Clonal pathogens RsRNAV01 and RsRNAV06 were observed at a magnification of ×1,000 with an Olympus BX50 epifluorescence microscope after staining with DAPI (4′,6-diamidino-2-phenylindole) or SYBR Gold (Molecular Probes) by a method described previously (3, 39).

Storage test.

An exponentially growing culture of R. setigera S3 was inoculated with RsRNAV01 and incubated for 5 days under the conditions given above. The titer of the resultant fresh lysate was then estimated by the extinction dilution method, and an aliquot of the lysate was kept at 4°C in the dark. Titration was also conducted after 17 days of storage to verify the stability of the pathogen.

Analysis of RsRNAV nucleic acid and protein.
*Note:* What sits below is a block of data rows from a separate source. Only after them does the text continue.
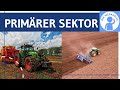 Primärer Sektor / Landwirtschaft / Agrarwirtschaft - Wirtschaftssektoren 1 - Funktionen &amp; Struktur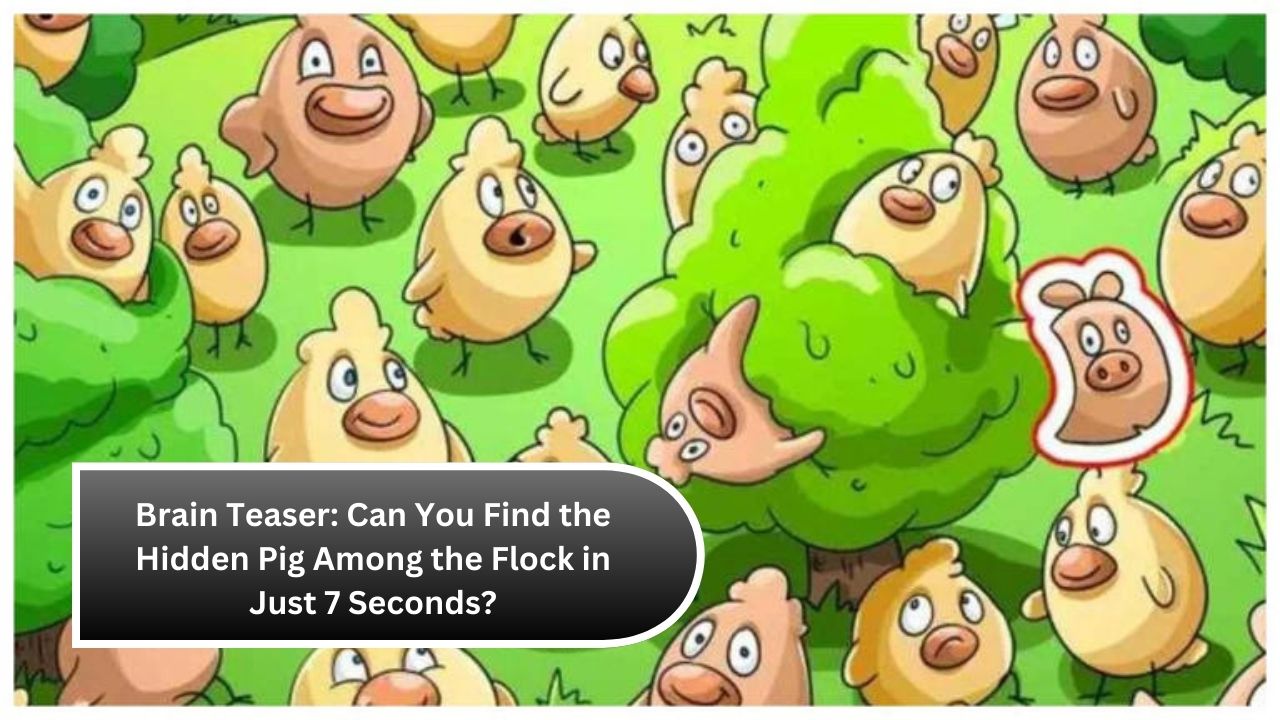 Brain Teaser: Can You Find the Hidden Pig Among the Flock in Just 7 Seconds?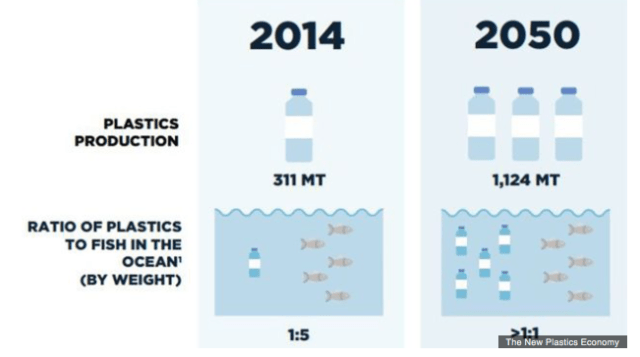 Screen Shot 2016-02-15 at 4.24.09 PM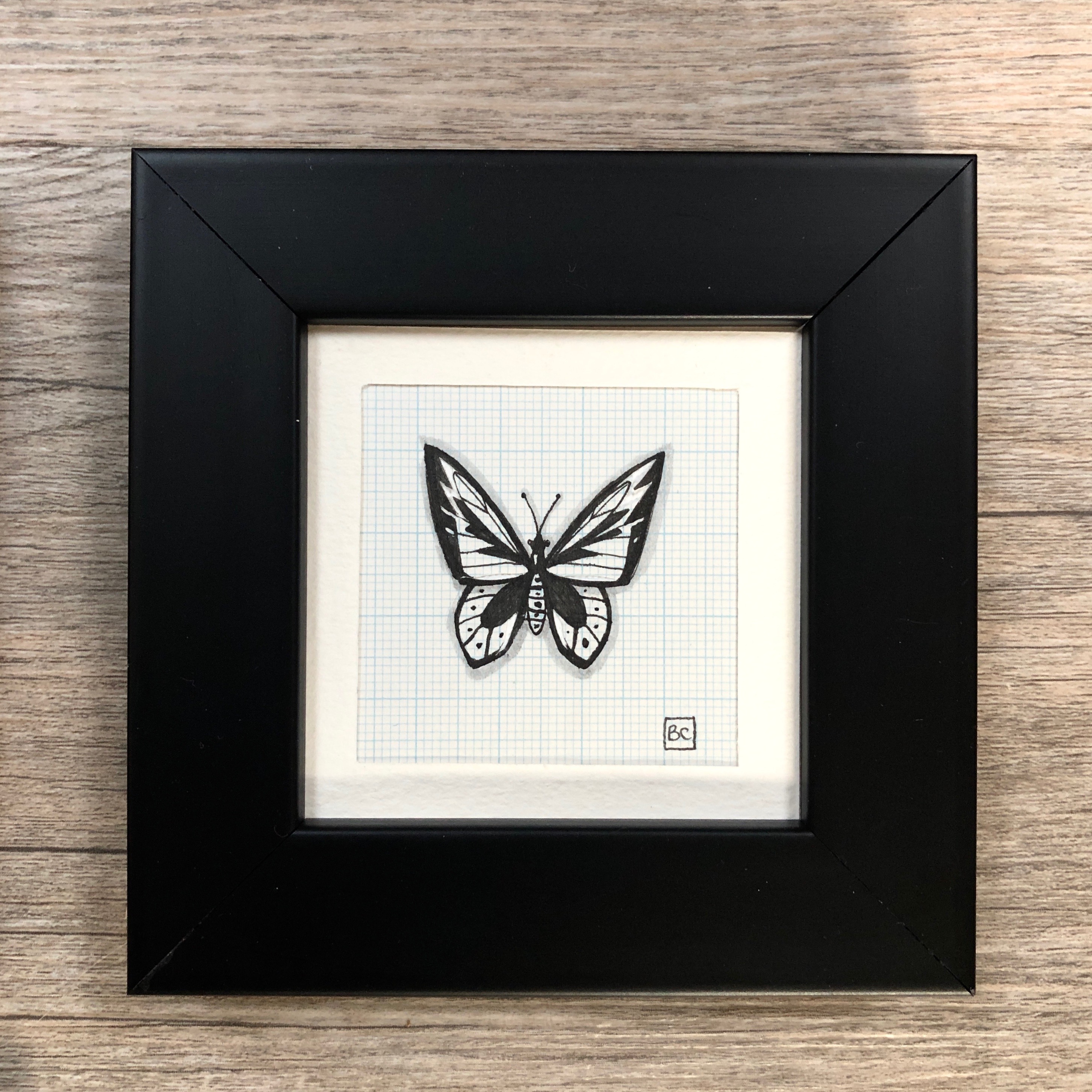 Papillon #4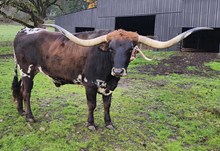 A&S 100 Grand Ferdinand 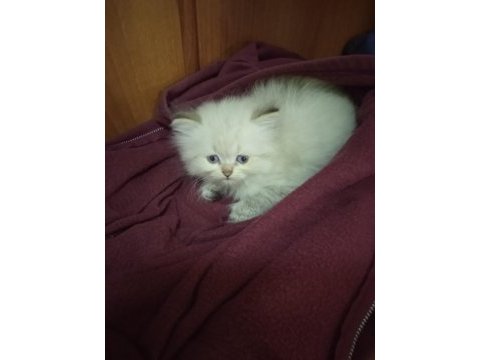 Minik british longhair kızımı sahiplendireceğim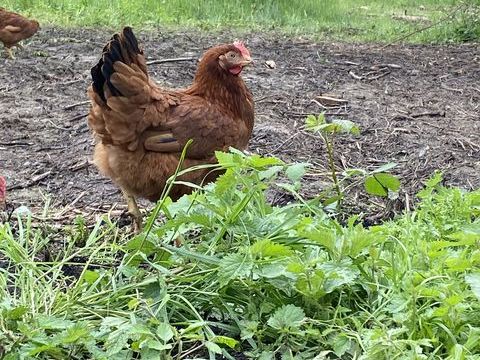 Poules pondeuses 18 40300 Cauneille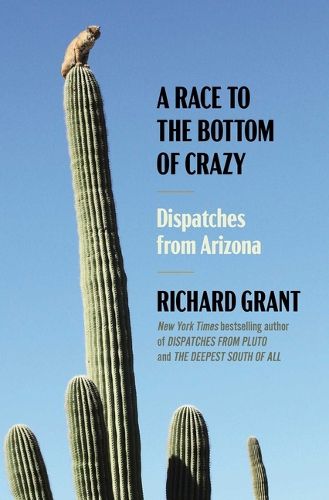 Cover image for A Race to the Bottom of Crazy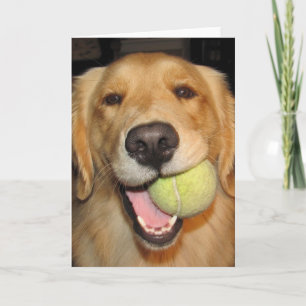 Tarjeta ¡Tenga una bola!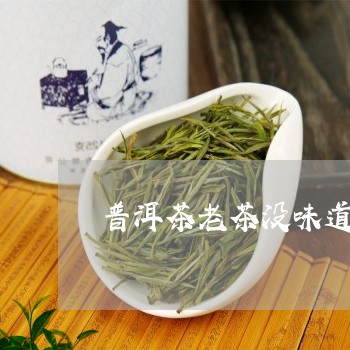 普洱茶老茶没味道/2023031540505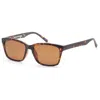 Under Armour Women's Sunglasses In Brown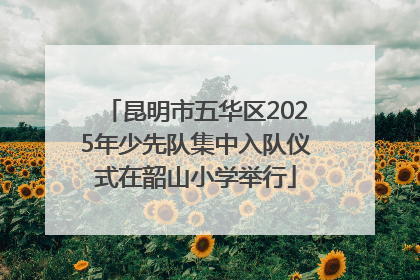 昆明市五华区2025年少先队集中入队仪式在韶山小学举行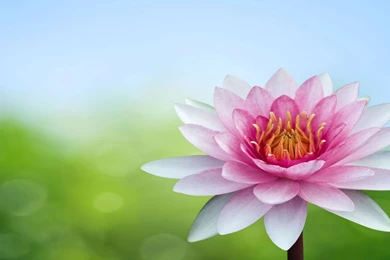 Lotus Backgrounds Pictures Images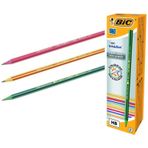 Bic Evolution Stripes 646 Siyah 12 Li Kurşun Kalem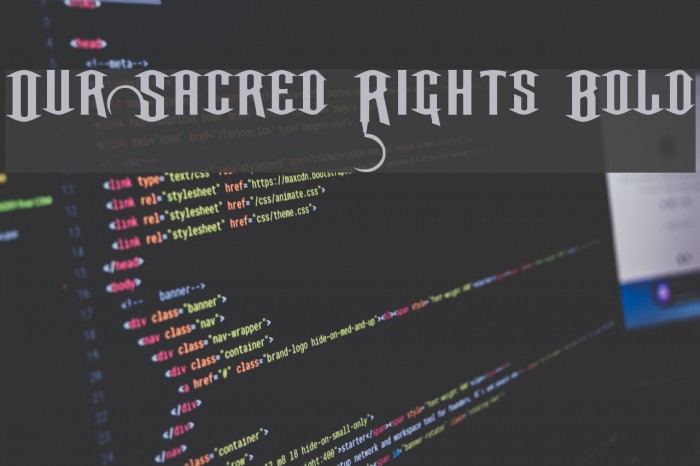 Our Sacred Rights Bold Font examples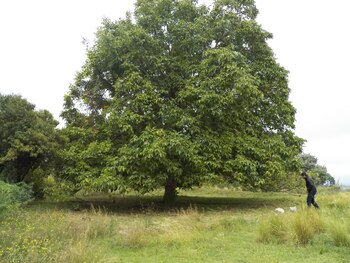 Arbol de nogal: la inclusión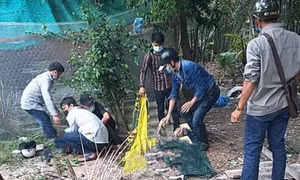 Bắt 7 đối tượng trong vụ hỗn chiến khiến 2 người tử vong ở Long An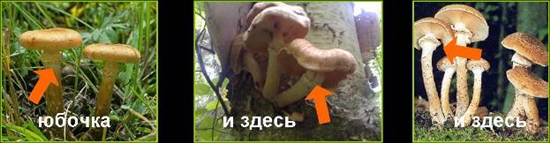 Jedovaté huby: falošné medové agary, foto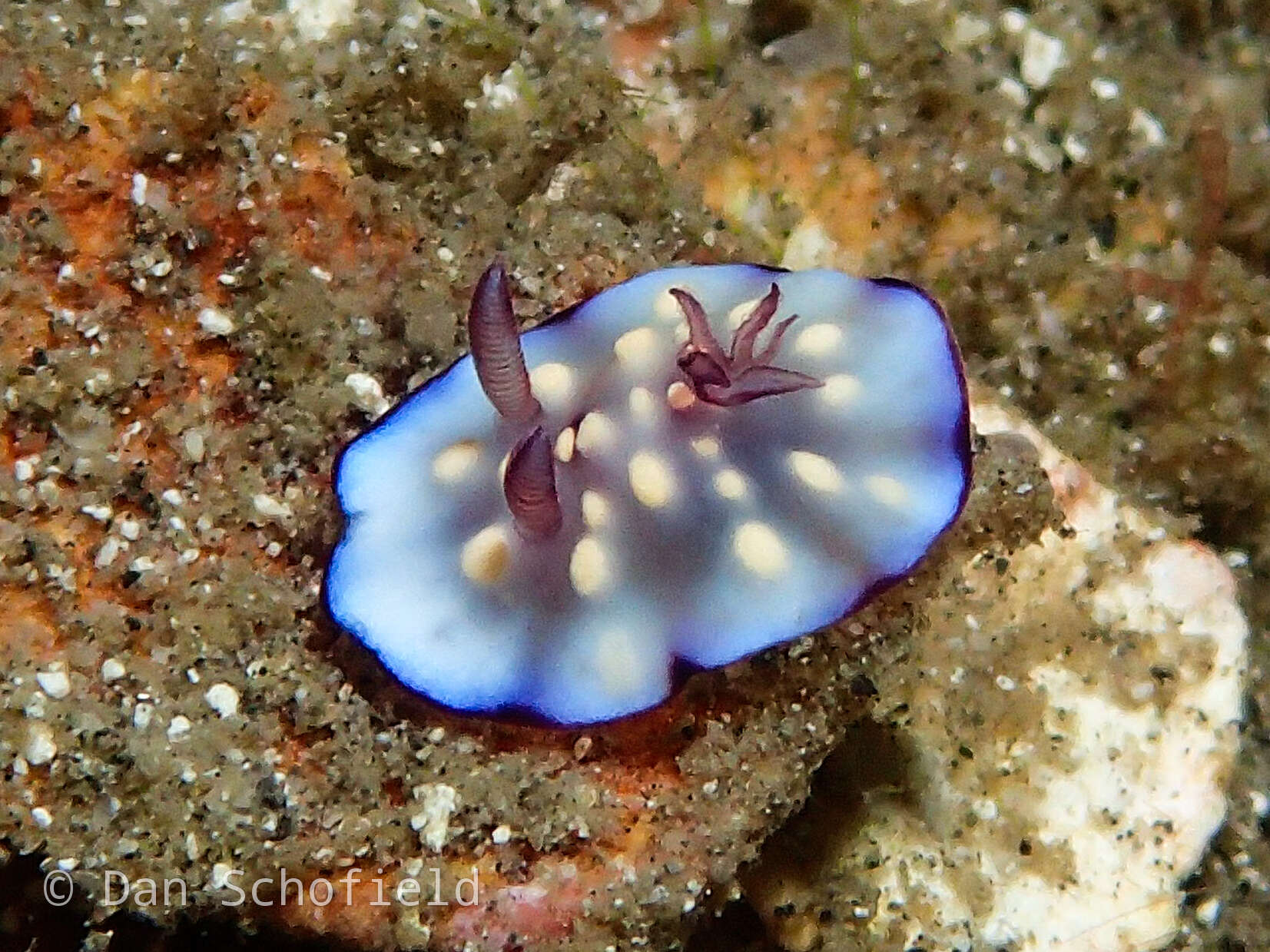 Image of Goniobranchus hintuanensis (Gosliner & Behrens 1998)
Four hundred fifty milliliters of exponentially growing R. setigera S2 (7.8 × 103 ml−1) was inoculated with 22.5 ml of RsRNAV01 or RsRNAV06 (~107 infectious units ml−1) and lysed. The resulting lysates were centrifuged at 4,500 × g for 10 min at 4°C, and then the supernatants were sequentially passed through 8.0-, 0.8-, and 0.2-μm-pore-size filters to remove cellular debris. Polyethylene glycol 6000 (Wako Co., Ltd.) was added to the filtrates to obtain a final concentration of 10% (wt/vol), and then the resulting suspension was stored at 4°C in the dark overnight. After centrifugation at 57,000 × g for 1.5 h, the viral pellet was washed with 10 mM phosphate buffer and again centrifuged at 217,000 × g for 4 h to collect the virus particles; they were then resuspended in 500 μl of TE buffer (10 mM Tris-HCl [pH 8.0] and 1 mM EDTA in distilled water). The viral pellet was treated with proteinase K (1 mg ml−1; Nippon Gene Co., Ltd) and sarcosyl (1%; International Technologies, Inc.) in TE buffer at 55°C for 1.5 h. Nucleic acids were extracted with phenol-chloroform and digested for 1 h with RNase A (Nippon Gene Co., Ltd.) (final concentration, 0.1 μg μl−1) at 37 or 98°C or with DNase I (Promega Co., Ltd.) (final concentration, 0.2 μg μl−1) at 37°C. RNase A treatment at 37°C digests single-stranded RNA (ssRNA) but not double-stranded RNA (dsRNA), while dsRNA denatures into ssRNA at 98°C and thus it digestible with RNase A. Nucleic acid extraction mixtures held on ice without enzymatic treatment served as controls. A formaldehyde-agarose gel (1%; 15 × 20 cm) (Seakem Gold Agarose; BMA Inc.) was loaded with 20 μl of nucleic acid and electrophoresed at 50 V for 14.5 h. Nucleic acids were visualized by SYBR Green II staining (Molecular Probes, Inc.).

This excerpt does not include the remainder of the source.